Objective 1: Order Conversion Rate Trending
Pull monthly trends for ‘gsearch’ sessions and ‘orders’ so that we can showcase Order Rate growth (In terms of Website Session volume, Order volume, and Conversion Rate)
(Note: ‘gsearch’ is a UTM parameter that indicates if a potential customer found the website via the ‘gsearch’ search engine)
SELECT
DATE_FORMAT(website_sessions.created_at, '%Y/%m') AS yr_mo,
COUNT(DISTINCT website_sessions.website_session_id) AS sessions,
COUNT(DISTINCT orders.order_id) AS orders,
COUNT(DISTINCT orders.order_id)/COUNT(DISTINCT website_sessions.website_session_id) AS order_rate
FROM website_sessions
LEFT JOIN orders
ON website_sessions.website_session_id = orders.website_session_id
WHERE website_sessions.utm_source = 'gsearch'
GROUP BY 1;
yr_mo | sessions | orders | order_rate |
---|---|---|---|
2012/03 | 1843 | 59 | 0.0320 |
2012/04 | 3569 | 93 | 0.0261 |
2012/05 | 3405 | 96 | 0.0282 |
2012/06 | 3590 | 121 | 0.0337 |
2012/07 | 3797 | 145 | 0.0382 |
2012/08 | 4887 | 184 | 0.0377 |
2012/09 | 4487 | 186 | 0.0415 |
2012/10 | 5519 | 237 | 0.0429 |
2012/11 | 9732 | 414 | 0.0425 |
2012/12 | 7033 | 335 | 0.0476 |
2013/01 | 4211 | 244 | 0.0579 |
2013/02 | 5108 | 338 | 0.0662 |
2013/03 | 4445 | 272 | 0.0612 |
2013/04 | 5729 | 395 | 0.0689 |
2013/05 | 5991 | 392 | 0.0654 |
Displaying records 1 - 15
Evidently our Session volume and Conversion Rate has been increasing steadily since the inception of the business, exactly what we would want to see.
Objective 2: Order Conversion Rate Trending by Advertising Campaign
Get a monthly Order Rate trend for ‘gsearch’ but this time split out ‘nonbrand’ and ‘brand’ campaigns (In terms of Website Session volume, Order volume, and Conversion Rate)
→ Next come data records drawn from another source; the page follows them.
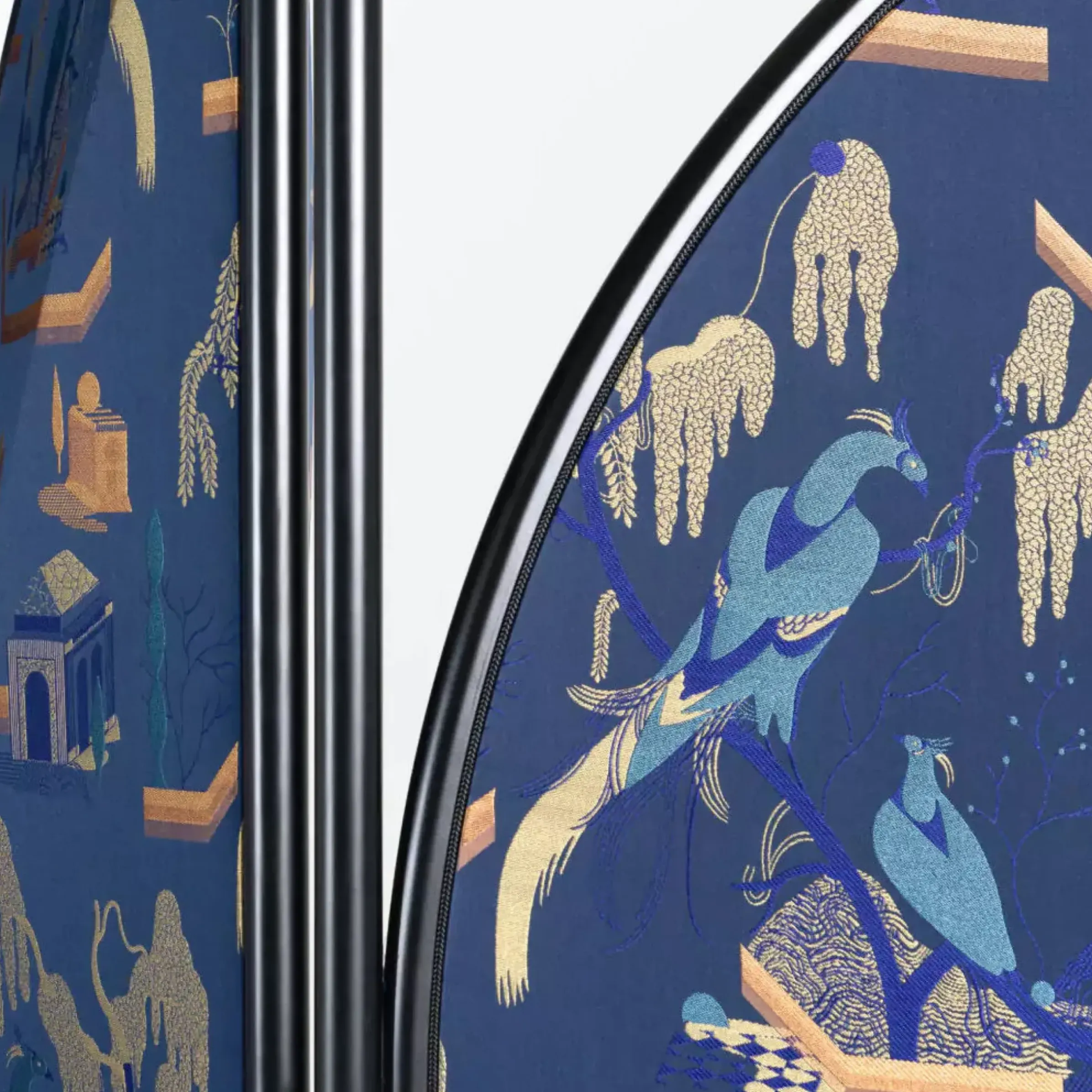 Paravent Feng Tissu Bleu / L 140 X H 194 Cm - Wiener Gtv Design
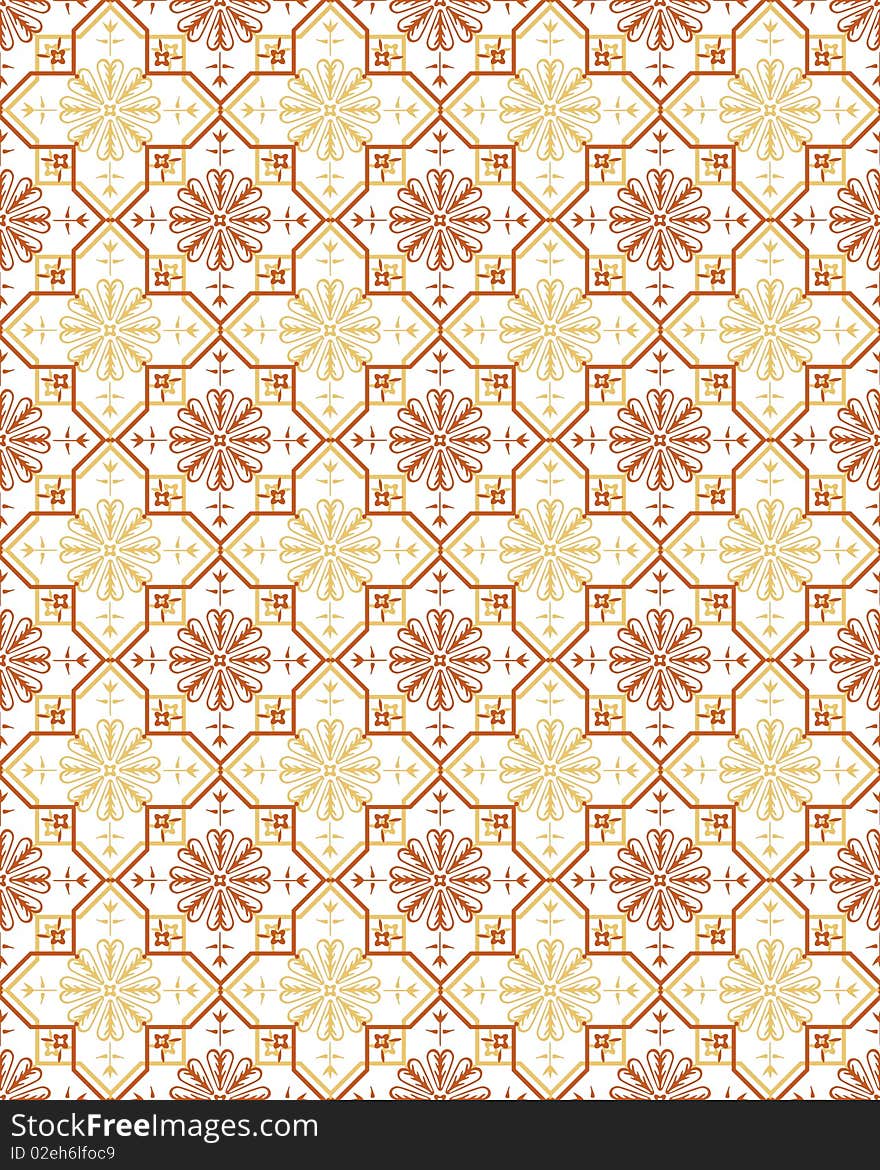 Beige Retro Seamless Flower Pattern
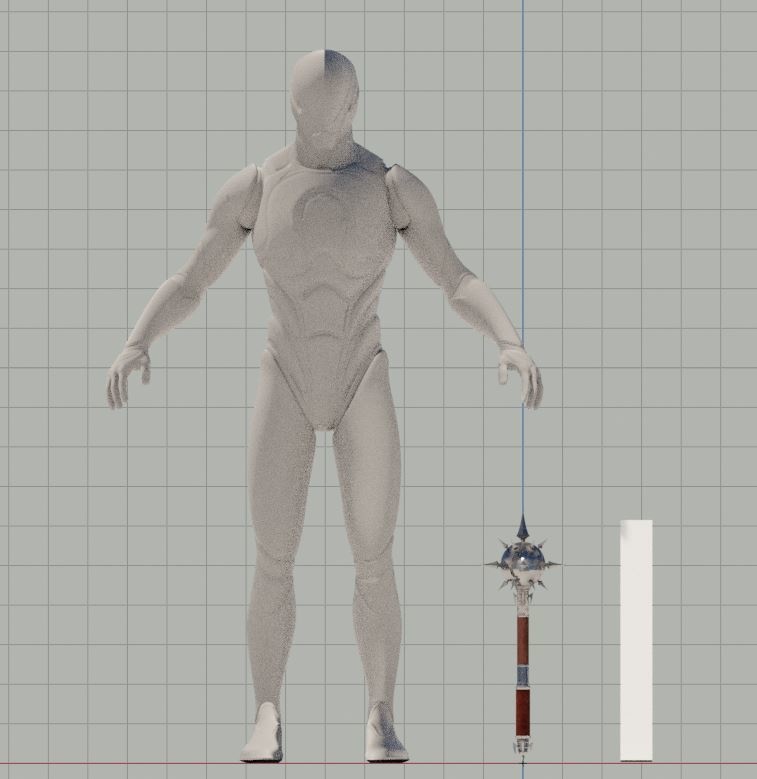 3Dモデル武器 - モーニングスター( FBX, 2K )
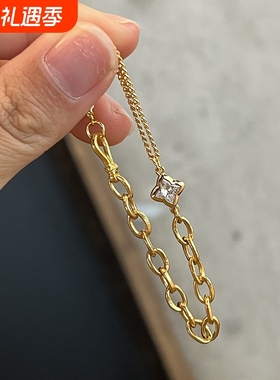 镶钻四叶草双层手链新爆款女高级感轻奢小众个性时尚精致手饰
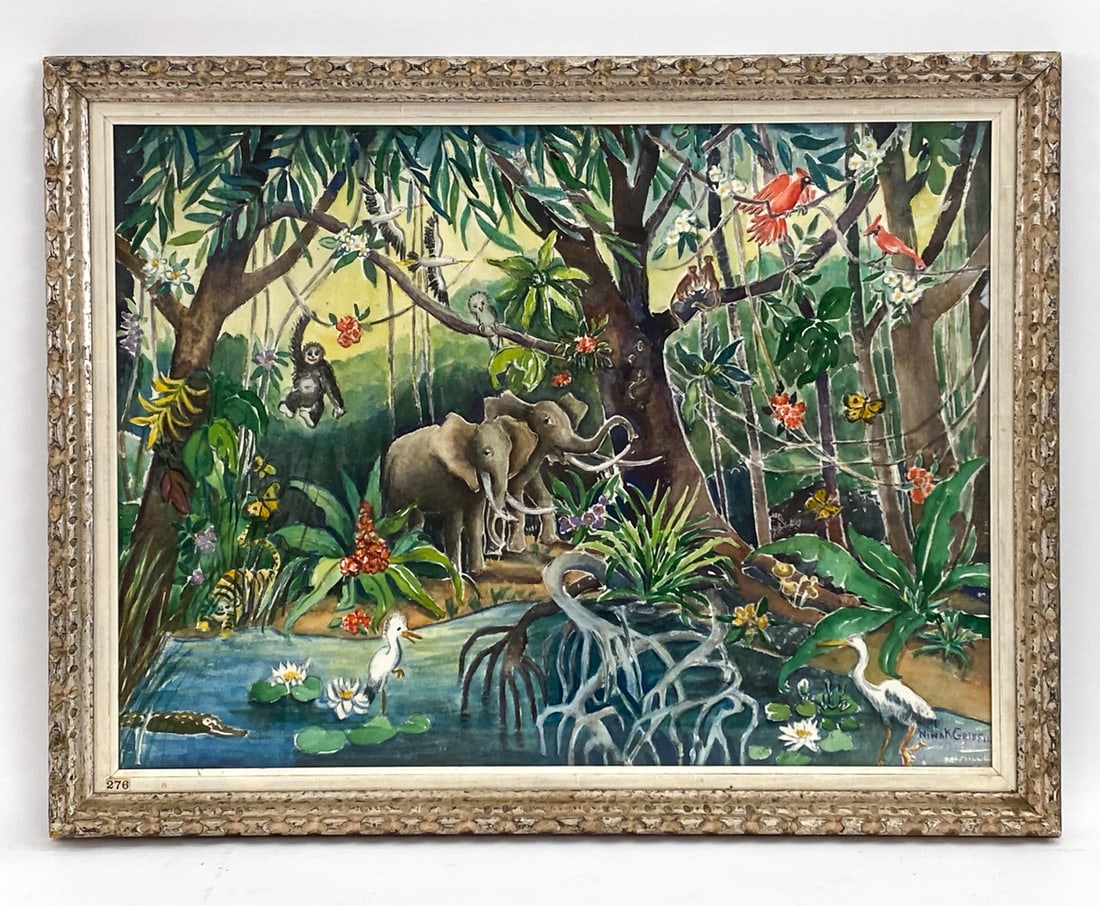 NINA KICKBUSCH GRIFFIN (1884-1968) WATERCOLOR: Watercolor of a jungle scene with animals including elephants, cardinals, monkeys, swans, etc. Signed lower right. From the estate of the nephew of Nina Griffin. Dimensions: (Frame) H 26" x W 33.75" (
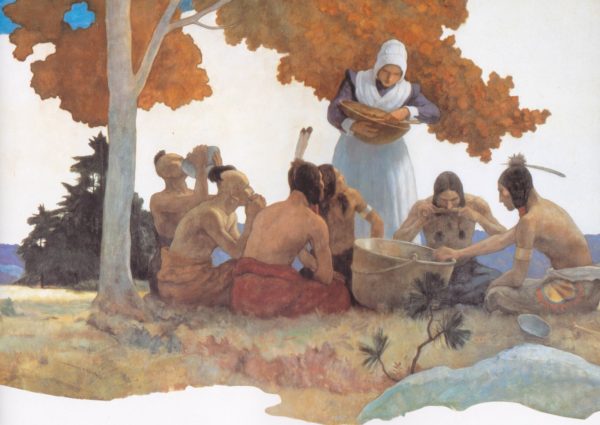 NC Wyeth Thanksgiving with Indians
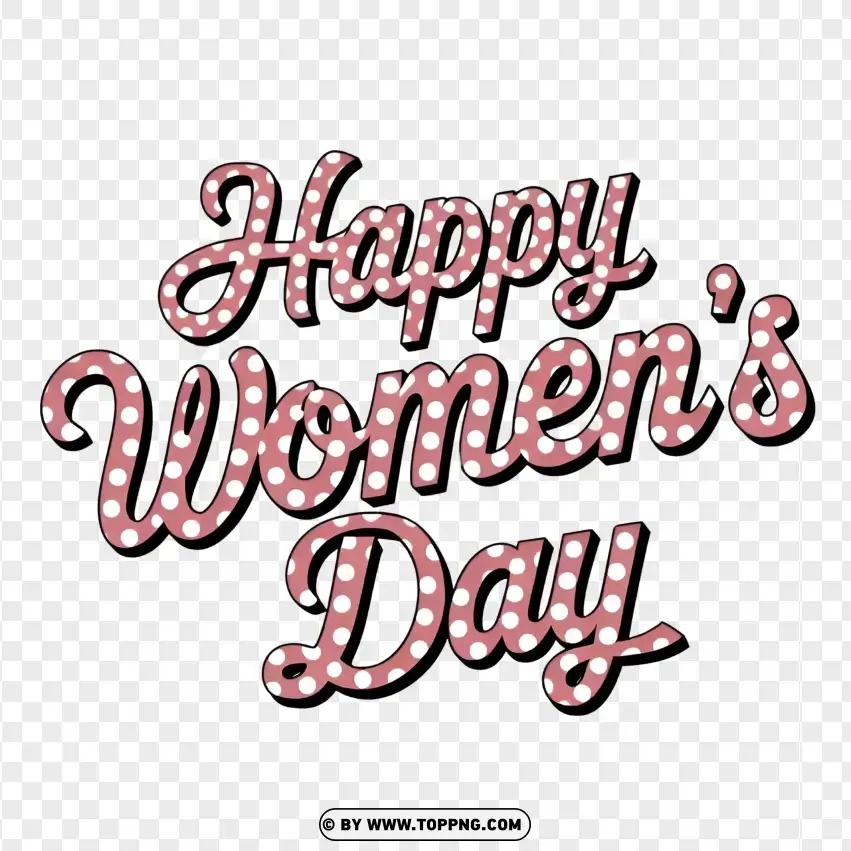 Vintage Happy Womens Day Red Typography PNG Transparent Background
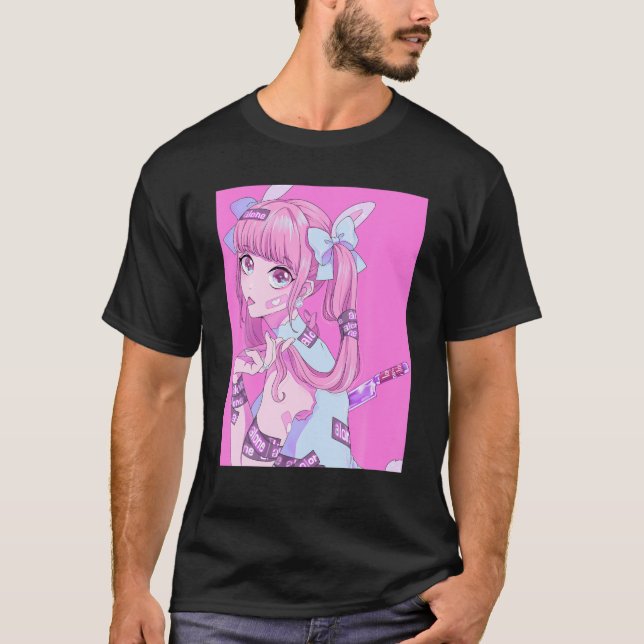 Pastel Goth Yami Kawaii Menhera Rosa Aesthetic Ani T Shirt (Framsida)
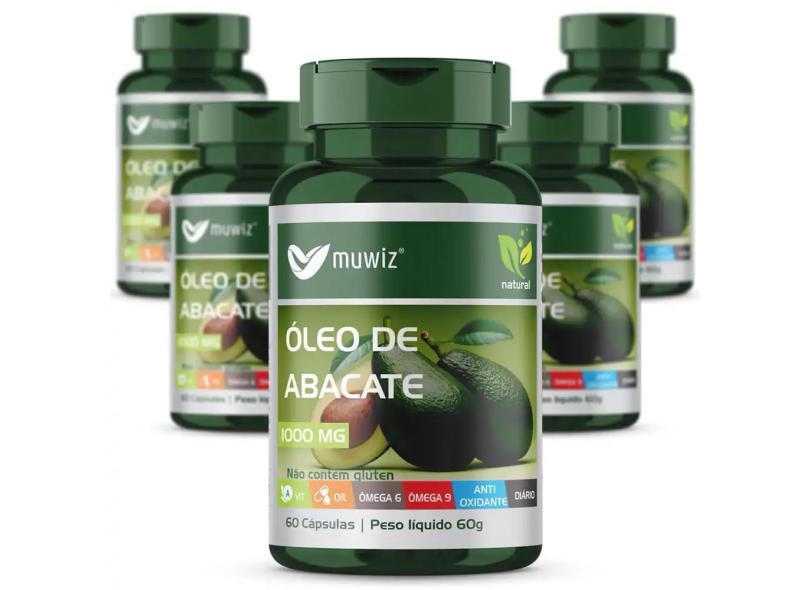 Óleo De Abacate 1000Mg 60 Cápsula Muwiz Kit X5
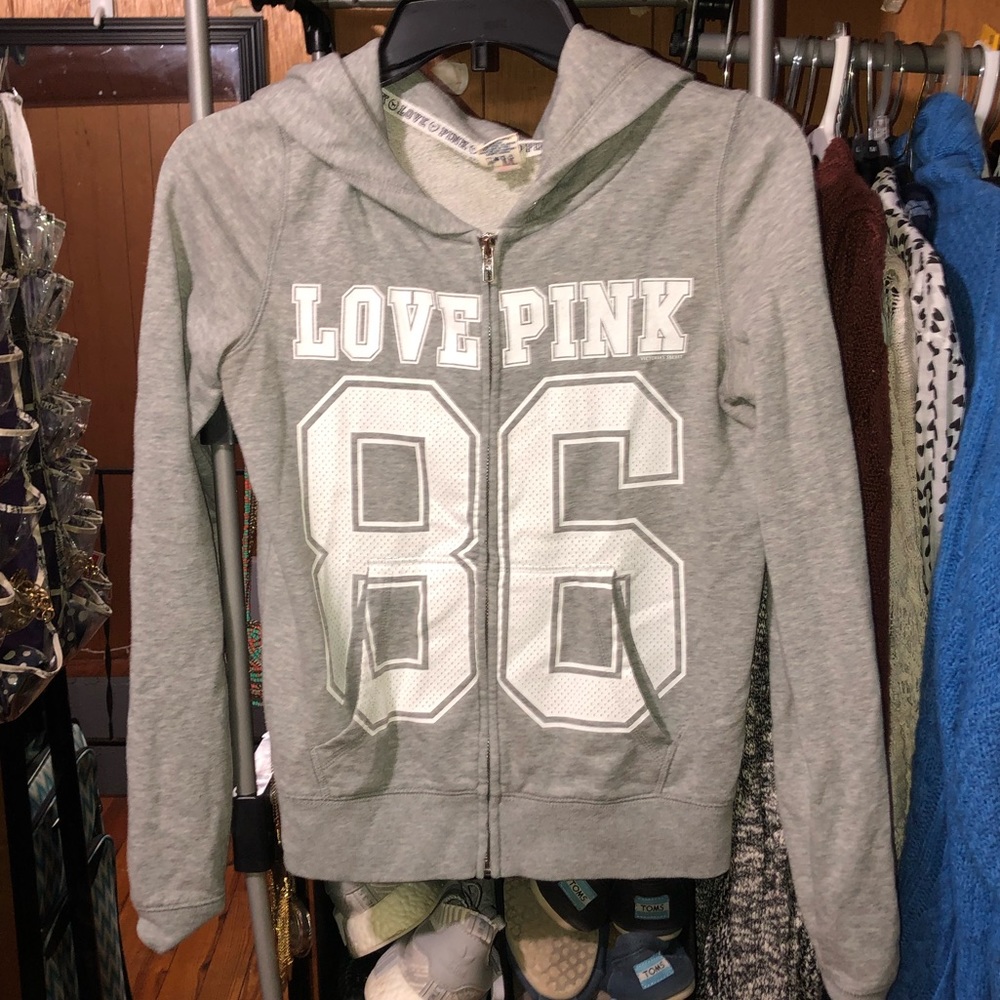 PINK grey hooded jacket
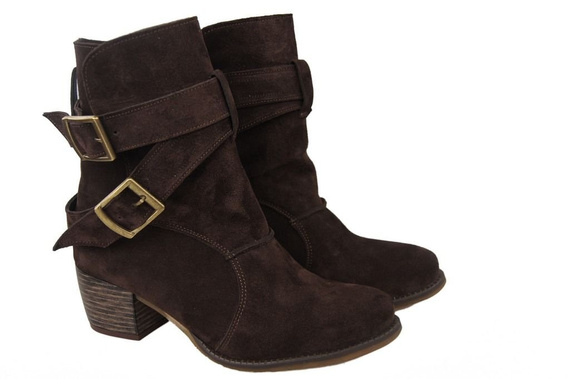 Damenstiefel Naturleder Velour Schokolade 119 ElitaBut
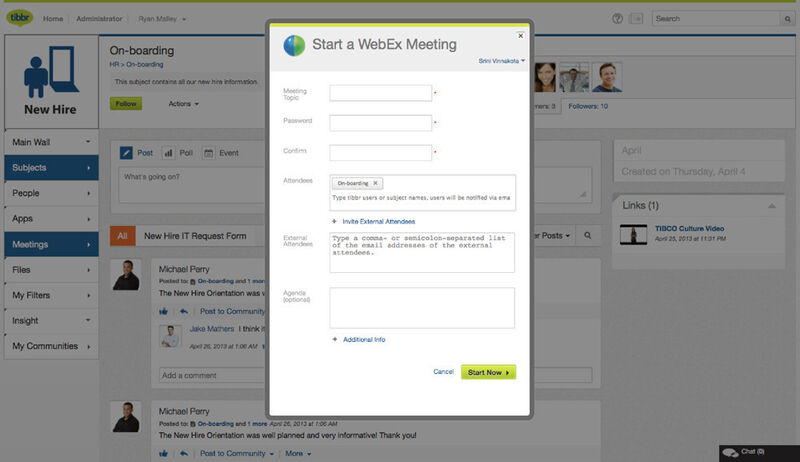 Teilnehmer für ein WebEx-Meeting können direkt aus tibbr eingeladen werden. Selbiges gilt für Google Hangouts oder Skype-Sitzungen. Zusätzlich erlaubt tibbr auch die zeitliche Planung von Online-Konferenzen. (Bild: Tibco Software)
(Note: The ‘brand’ and ‘nonbrand’ campaigns are paid advertisements)
SELECT
DATE_FORMAT(website_sessions.created_at, '%Y/%m') AS yr_mo,
COUNT(DISTINCT CASE WHEN website_sessions.utm_campaign = 'brand' THEN website_sessions.website_session_id ELSE NULL END) AS brand_sessions,
COUNT(DISTINCT CASE WHEN website_sessions.utm_campaign = 'brand' THEN orders.order_id ELSE NULL END) AS brand_orders,
COUNT(DISTINCT CASE WHEN website_sessions.utm_campaign = 'brand' THEN orders.order_id ELSE NULL END)/
COUNT(DISTINCT CASE WHEN website_sessions.utm_campaign = 'brand' THEN website_sessions.website_session_id ELSE NULL END) AS brand_order_rt,
COUNT(DISTINCT CASE WHEN website_sessions.utm_campaign = 'nonbrand' THEN website_sessions.website_session_id ELSE NULL END) AS nonbrand_sessions,
COUNT(DISTINCT CASE WHEN website_sessions.utm_campaign = 'nonbrand' THEN orders.order_id ELSE NULL END) AS nonbrand_orders,
COUNT(DISTINCT CASE WHEN website_sessions.utm_campaign = 'nonbrand' THEN orders.order_id ELSE NULL END)/
COUNT(DISTINCT CASE WHEN website_sessions.utm_campaign = 'nonbrand' THEN website_sessions.website_session_id ELSE NULL END) AS nonbrand_order_rt
FROM website_sessions
LEFT JOIN orders
ON website_sessions.website_session_id = orders.website_session_id
WHERE website_sessions.utm_source = 'gsearch'
GROUP BY 1;
yr_mo | brand_sessions | brand_orders | brand_order_rt | nonbrand_sessions | nonbrand_orders | nonbrand_order_rt |
---|---|---|---|---|---|---|
2012/03 | 8 | 0 | 0.0000 | 1835 | 59 | 0.0322 |
2012/04 | 64 | 6 | 0.0938 | 3505 | 87 | 0.0248 |
2012/05 | 113 | 6 | 0.0531 | 3292 | 90 | 0.0273 |
2012/06 | 141 | 6 | 0.0426 | 3449 | 115 | 0.0333 |
2012/07 | 150 | 10 | 0.0667 | 3647 | 135 | 0.0370 |
2012/08 | 204 | 10 | 0.0490 | 4683 | 174 | 0.0372 |
2012/09 | 265 | 16 | 0.0604 | 4222 | 170 | 0.0403 |
2012/10 | 333 | 15 | 0.0450 | 5186 | 222 | 0.0428 |
2012/11 | 463 | 21 | 0.0454 | 9269 | 393 | 0.0424 |
2012/12 | 539 | 34 | 0.0631 | 6494 | 301 | 0.0464 |
2013/01 | 517 | 32 | 0.0619 | 3694 | 212 | 0.0574 |
2013/02 | 381 | 38 | 0.0997 | 4727 | 300 | 0.0635 |
2013/03 | 357 | 18 | 0.0504 | 4088 | 254 | 0.0621 |
2013/04 | 400 | 32 | 0.0800 | 5329 | 363 | 0.0681 |
2013/05 | 476 | 26 | 0.0546 | 5515 | 366 | 0.0664 |
Displaying records 1 - 15
Brand sessions have been increasing but the Conversion Rate has been volatile with an over all upward trend. Nonbrand sessions have had significant growth in Website Sessions peaking around November/December of 2012 and settling in the 4000-5000 range. They have observed consistent growth in Conversion Rate, nearing the 7% mark in latter months.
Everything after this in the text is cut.